Celle-ci demande donc une mobilisation des ministères, secrétariats et organismes étatiques afin de créer des assouplissements et des adaptations rapides des programmes de financement existants pour que les projets puissent se réaliser à court terme. Elle prie également le gouvernement du Québec de concevoir un programme spécifique pour les hébergements de 2e étape en violence conjugale.
LE PROJET DE LA GÎTÉE
La maison d’hébergement La Gîtée avait procédé à l’achat de la résidence voisine il y a 35 ans, à même son fonds de dotation, afin de régler un manque de stationnement. Le bâtiment a déjà une vocation de 2e étape et comprend cinq chambres pour femmes seules avec salon et cuisine. Le projet de l’organisme, qui a déjà les plans en mains et a commencé à engager des professionnels pour un début de construction au printemps, est d’en faire un tout nouveau complexe d’hébergement. La bâtisse inclurait aussi des bureaux pour les intervenantes ainsi qu’une salle de jeux pour les enfants. Le développement permettrait également d’aménager une cour extérieure.

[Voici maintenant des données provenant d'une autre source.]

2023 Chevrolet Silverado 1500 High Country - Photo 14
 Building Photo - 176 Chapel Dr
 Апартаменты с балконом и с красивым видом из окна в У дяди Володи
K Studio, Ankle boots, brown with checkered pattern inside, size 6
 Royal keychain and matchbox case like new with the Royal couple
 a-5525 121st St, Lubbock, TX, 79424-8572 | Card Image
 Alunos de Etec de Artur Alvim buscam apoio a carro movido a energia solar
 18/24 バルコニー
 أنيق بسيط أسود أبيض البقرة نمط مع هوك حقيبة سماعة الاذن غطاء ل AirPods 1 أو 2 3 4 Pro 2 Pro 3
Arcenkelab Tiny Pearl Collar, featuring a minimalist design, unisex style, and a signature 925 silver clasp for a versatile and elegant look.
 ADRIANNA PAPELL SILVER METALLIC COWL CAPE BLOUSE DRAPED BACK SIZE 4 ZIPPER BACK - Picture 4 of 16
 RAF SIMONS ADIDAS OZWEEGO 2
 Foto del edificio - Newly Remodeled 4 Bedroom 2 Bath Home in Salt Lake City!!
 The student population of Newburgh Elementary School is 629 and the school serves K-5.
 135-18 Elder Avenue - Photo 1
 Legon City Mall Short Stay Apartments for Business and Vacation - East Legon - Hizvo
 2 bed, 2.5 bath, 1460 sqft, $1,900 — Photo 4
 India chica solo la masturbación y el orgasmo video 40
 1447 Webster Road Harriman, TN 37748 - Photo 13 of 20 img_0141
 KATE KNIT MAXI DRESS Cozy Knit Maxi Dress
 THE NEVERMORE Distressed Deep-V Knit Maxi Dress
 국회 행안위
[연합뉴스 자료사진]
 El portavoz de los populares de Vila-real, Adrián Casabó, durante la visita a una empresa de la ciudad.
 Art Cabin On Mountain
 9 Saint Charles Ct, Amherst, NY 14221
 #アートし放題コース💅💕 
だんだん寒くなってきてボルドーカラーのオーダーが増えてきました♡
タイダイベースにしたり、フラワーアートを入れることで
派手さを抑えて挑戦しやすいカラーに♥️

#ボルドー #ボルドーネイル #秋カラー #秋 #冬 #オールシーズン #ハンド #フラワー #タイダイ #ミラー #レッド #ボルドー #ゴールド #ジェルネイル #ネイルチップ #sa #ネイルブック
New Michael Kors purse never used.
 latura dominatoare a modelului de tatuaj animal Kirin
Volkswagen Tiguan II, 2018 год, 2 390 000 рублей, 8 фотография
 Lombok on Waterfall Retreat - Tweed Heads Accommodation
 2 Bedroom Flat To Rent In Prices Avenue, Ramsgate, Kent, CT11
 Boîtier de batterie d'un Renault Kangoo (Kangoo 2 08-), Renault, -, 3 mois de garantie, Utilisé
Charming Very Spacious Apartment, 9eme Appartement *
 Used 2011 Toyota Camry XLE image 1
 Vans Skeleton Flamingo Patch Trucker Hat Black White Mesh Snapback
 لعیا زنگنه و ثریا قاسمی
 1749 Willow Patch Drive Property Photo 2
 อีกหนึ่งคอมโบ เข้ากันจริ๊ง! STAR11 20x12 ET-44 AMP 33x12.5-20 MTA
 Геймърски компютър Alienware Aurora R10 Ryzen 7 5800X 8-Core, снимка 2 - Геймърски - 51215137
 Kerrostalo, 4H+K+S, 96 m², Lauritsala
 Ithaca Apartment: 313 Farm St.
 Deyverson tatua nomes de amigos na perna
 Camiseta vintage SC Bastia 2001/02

« Il y a deux ans, l’Alliance MH2 m’informait qu’il y a avait une volonté gouvernementale de développer une offre de 2e étape si je voulais mettre de l’avant un projet. Ça faisait quelques années que j’avais cette idée en tête, soit de transformer la maison en immeuble à logements. Les besoins sont là puisque nous sommes en gestion de croissance. Nous l’avons mis sur pied en deux semaines. Nous ne l’avons pas obtenu lors du premier appel, mais nous avons été mis sur la liste de priorités du suivant. Nous avons été acceptés par le fédéral qui a confirmé un montant, mais le financement doit être complété par le provincial », raconte Mme Tanguay.
La Gîtée comprend une quinzaine de places qui conserveraient leur vocation de 1re étape. Le complexe de 2e étape permettrait de rediriger les femmes ayant besoin de ce type de service. « Ce ne sont pas toutes les femmes qui passent d’un hébergement de 1re à 2e étape. On parle d’un nombre entre 8 et 10 %. Elles en ont besoin en raison de la situation de violence et de harcèlement qui perdure après une séparation. Il y a un enjeu de sécurité », indique la directrice de La Gîtée.
Par ailleurs, au fil des ans, l’équipe de l’organisme s’est agrandie et comprend actuellement 18 intervenantes permanentes ainsi que quelques-unes sur appel. Elles ont besoin d’espace afin d’offrir leurs services, autant en interne qu’en externe.
« Depuis quelques années, il y a un mouvement de société entourant la prévention de la violence conjugale. Les gouvernements ainsi que l’appareil judiciaire mettent en place des outils pour contrer le fléau. Ça fait longtemps que je suis ici et c’est vraiment intéressant ce qui se passe. En ce qui a trait aux maisons de 2e étape, nous savons qu’il y a une volonté, il faut seulement coordonner l’appareil gouvernemental », conclut Chantal Tanguay.